WHAT IS REQUIRED –
When you copy the data, keep every word exactly as it is and leave the pictures out.

Collected data
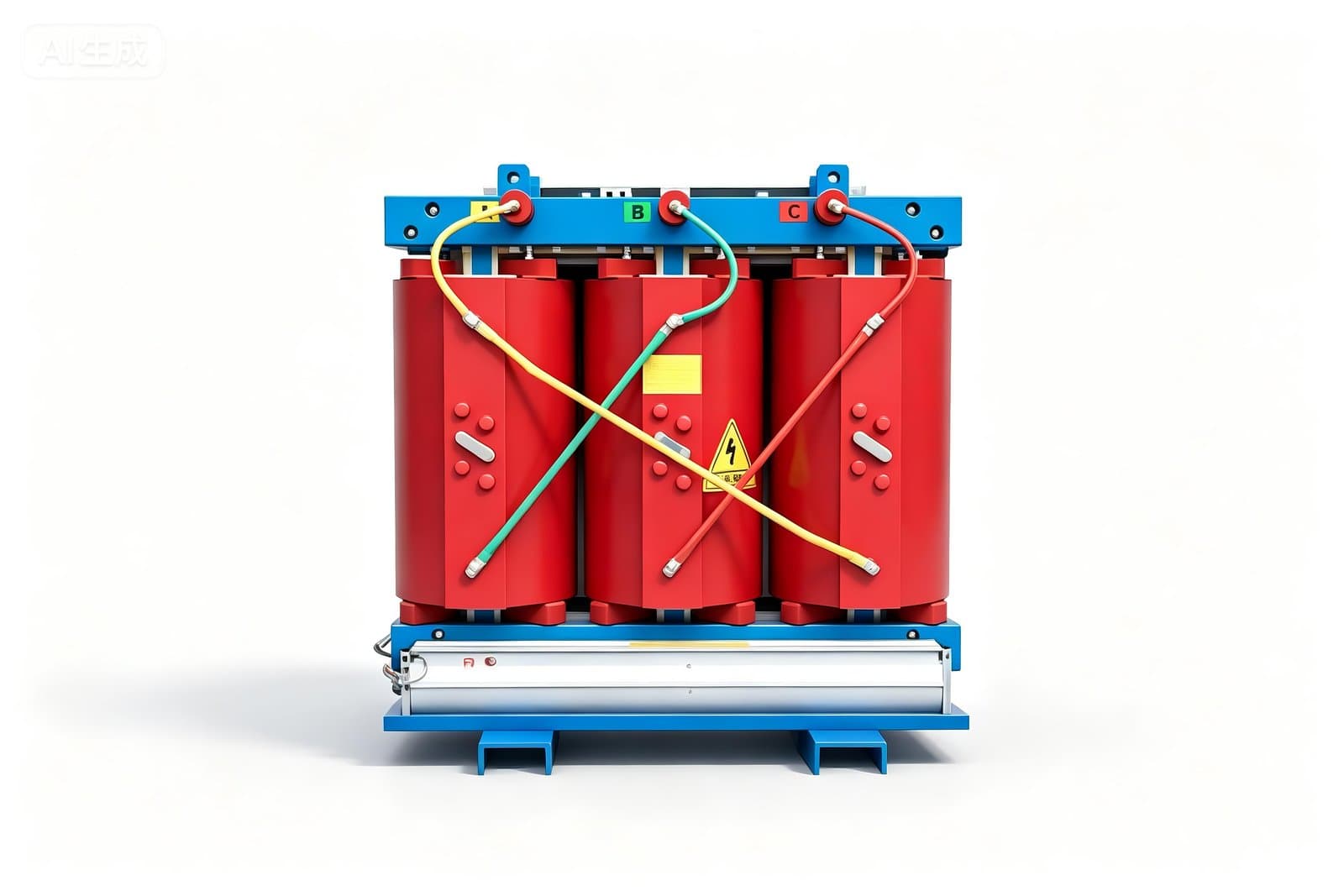 Transformador seco encapsulado en resina epoxi SC(B)11–SC(B)18 de 10 kV con tres bobinas rojas sobre base de acero azul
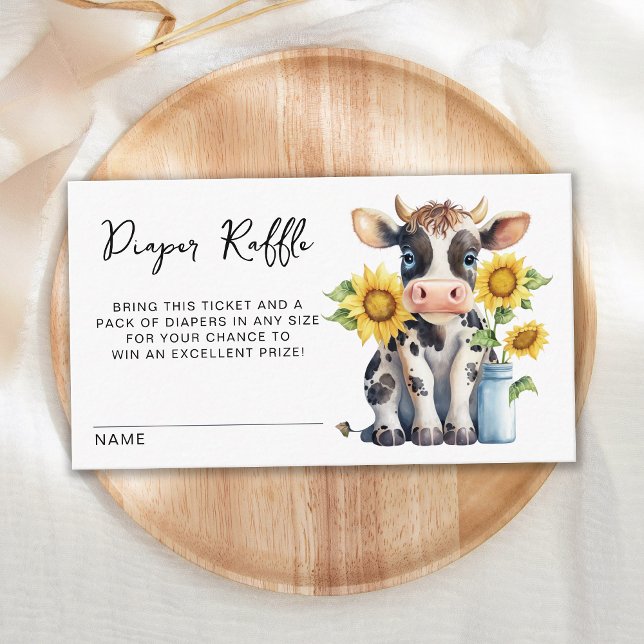 Tarjeta De Recepción Cute Cow Sunflowers Farm Baby Shower Diaper Raffle (Subido por el creador)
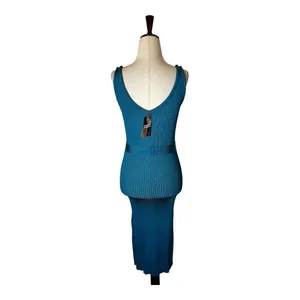 Rachel Roy Dress Women Small Blue Ribbed Knit Button Front Sweater Sheath‎ NWT thumbnail 3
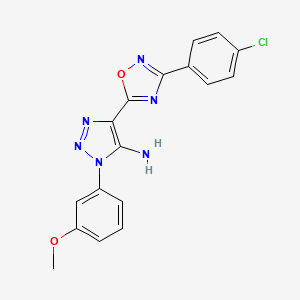 molecular formula C17H13ClN6O2 B2944957 5-[3-(4-Chlorophenyl)-1,2,4-oxadiazol-5-yl]-3-(3-methoxyphenyl)triazol-4-amine CAS No. 892778-26-6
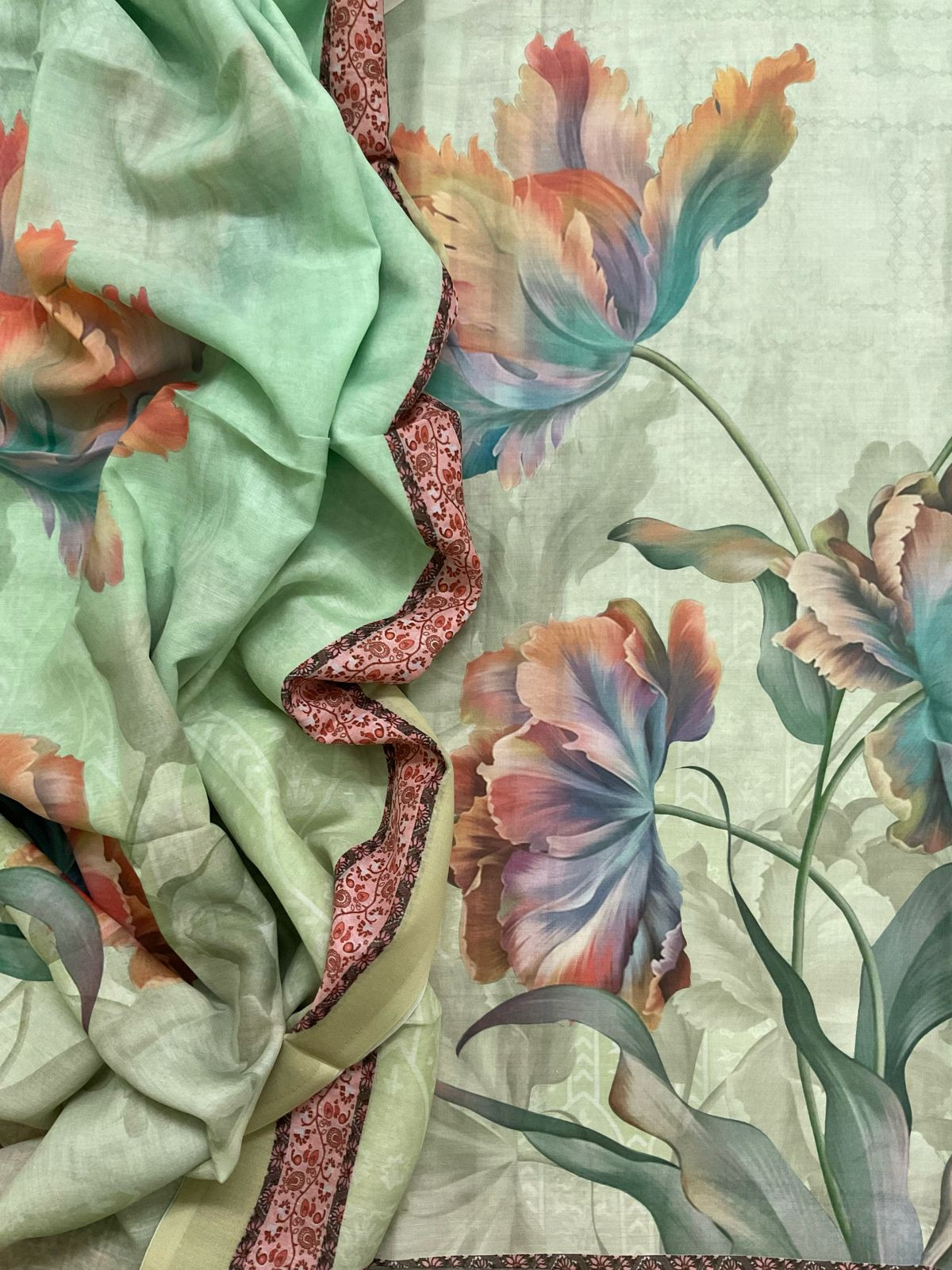 Soft Muslin Printed Suit - Green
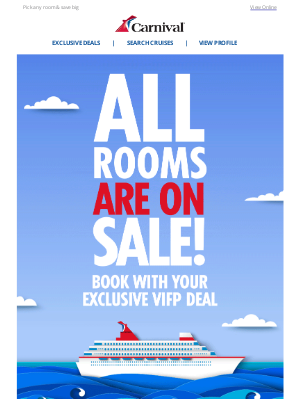 Carnival Cruise Line - VIFP ALERT: All Rooms On Sale For You 👏💰🛳️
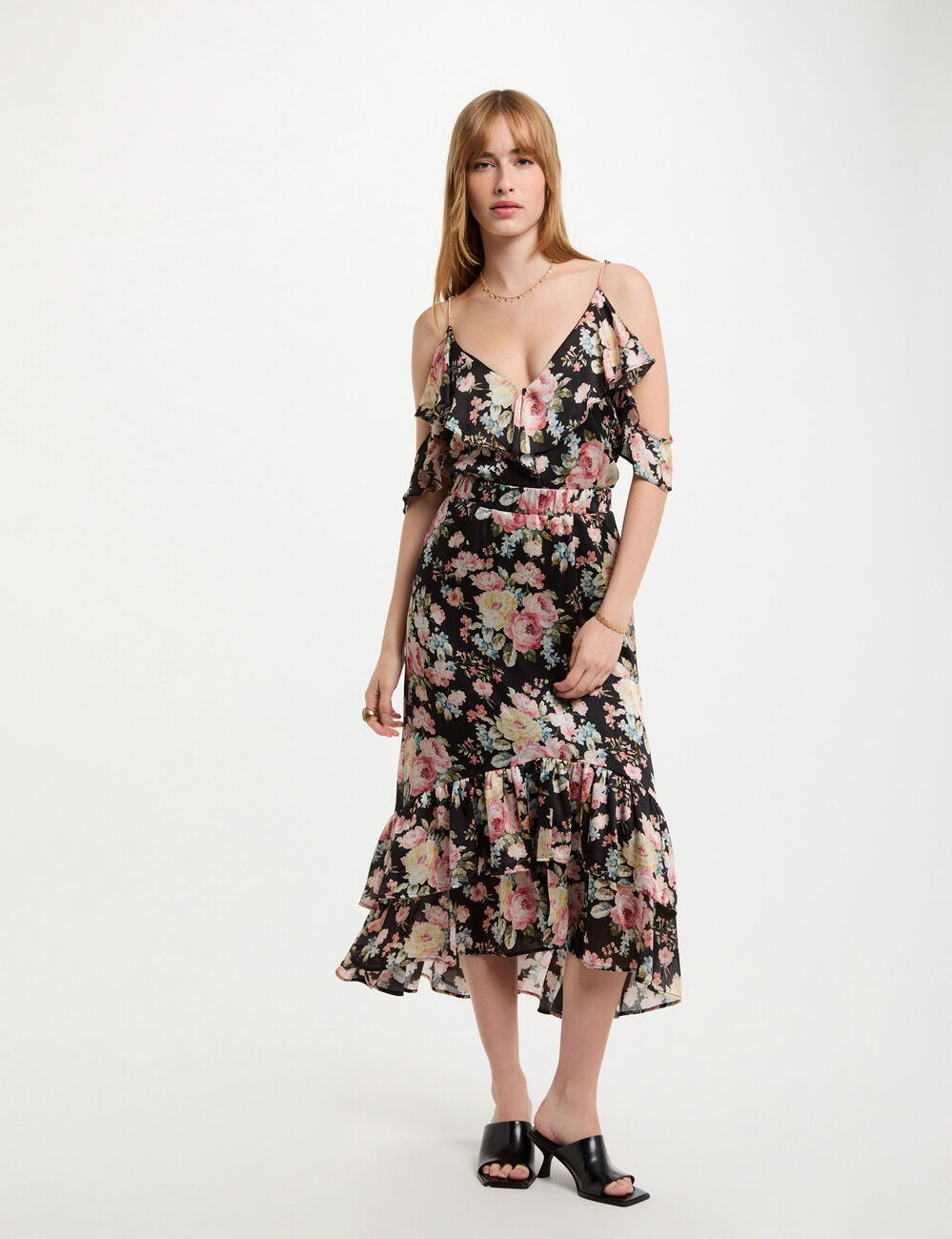 Top mit Print und Volants mehrfarbig damen
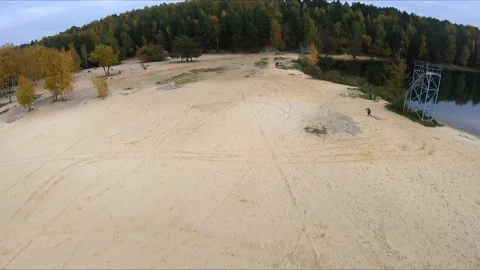 Flying on a quarry white sand forest Stock Footage 167068192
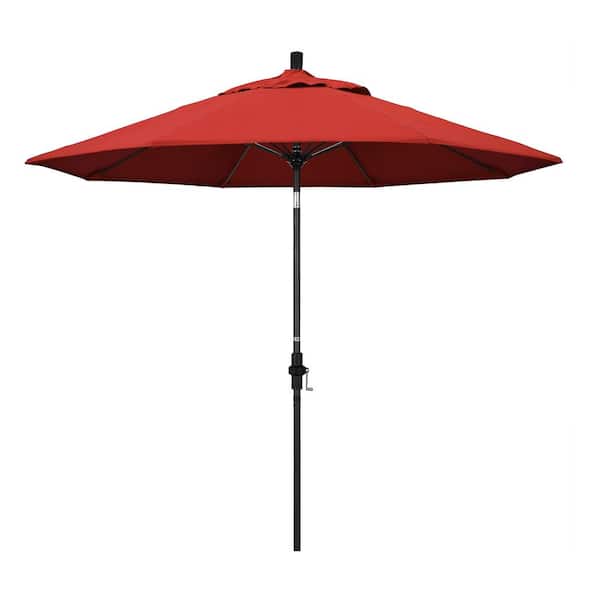 California Umbrella 9 ft. Fiberglass Market Collar Tilt M Black Patio Umbrella in Red Olefin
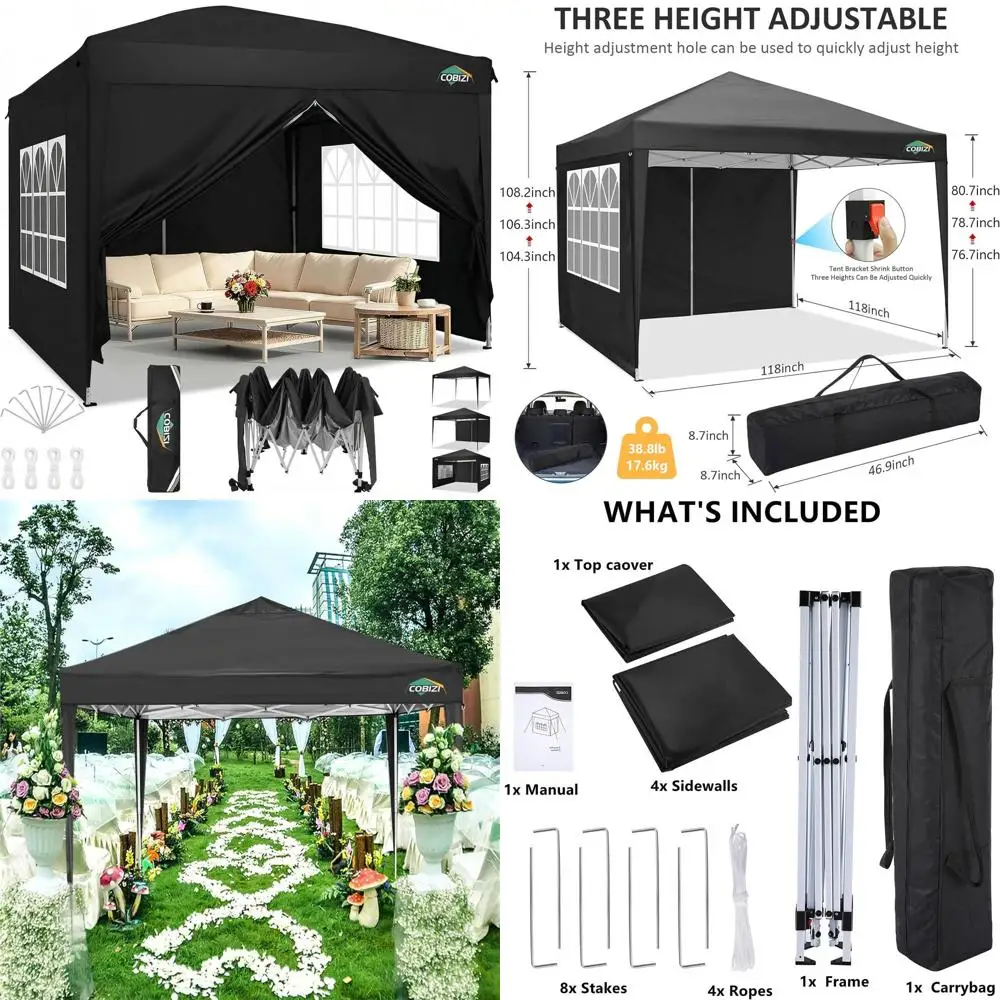 10x10 Waterproof Pop-Up Canopy with 4 Detachable Sides, UPF 50+, Portable Outdoor Shelter for Events and Beach Use (Black)
10x10 Waterproof Pop-Up Canopy with 4 Detachable Sides, UPF 50+, Portable Outdoor Shelter for Events and Beach Use (Black)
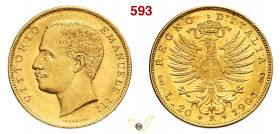 VITTORIO EMANUELE III (1900-1946) 20 Lire 1903 "aquila sabauda". Roma Pagani 647 Au g 6,43 mm 21 q.FDC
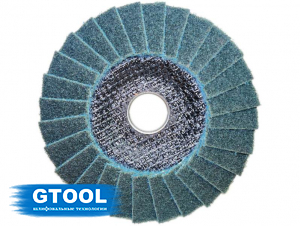 Круг лепестковый торцевой нетканый GTOOL d125, зерно VFine (Р220-240)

EXERCISE RESULT –
 Transformador seco encapsulado en resina epoxi SC(B)11–SC(B)18 de 10 kV con tres bobinas rojas sobre base de acero azul
 Tarjeta De Recepción Cute Cow Sunflowers Farm Baby Shower Diaper Raffle (Subido por el creador)
 Rachel Roy Dress Women Small Blue Ribbed Knit Button Front Sweater Sheath‎ NWT thumbnail 3
 molecular formula C17H13ClN6O2 B2944957 5-[3-(4-Chlorophenyl)-1,2,4-oxadiazol-5-yl]-3-(3-methoxyphenyl)triazol-4-amine CAS No. 892778-26-6
 Soft Muslin Printed Suit - Green
 Carnival Cruise Line - VIFP ALERT: All Rooms On Sale For You 👏💰🛳️
 Top mit Print und Volants mehrfarbig damen
 Flying on a quarry white sand forest Stock Footage 167068192
 California Umbrella 9 ft. Fiberglass Market Collar Tilt M Black Patio Umbrella in Red Olefin
 10x10 Waterproof Pop-Up Canopy with 4 Detachable Sides, UPF 50+, Portable Outdoor Shelter for Events and Beach Use (Black)
10x10 Waterproof Pop-Up Canopy with 4 Detachable Sides, UPF 50+, Portable Outdoor Shelter for Events and Beach Use (Black)
 VITTORIO EMANUELE III (1900-1946) 20 Lire 1903 "aquila sabauda". Roma Pagani 647 Au g 6,43 mm 21 q.FDC
 Круг лепестковый торцевой нетканый GTOOL d125, зерно VFine (Р220-240)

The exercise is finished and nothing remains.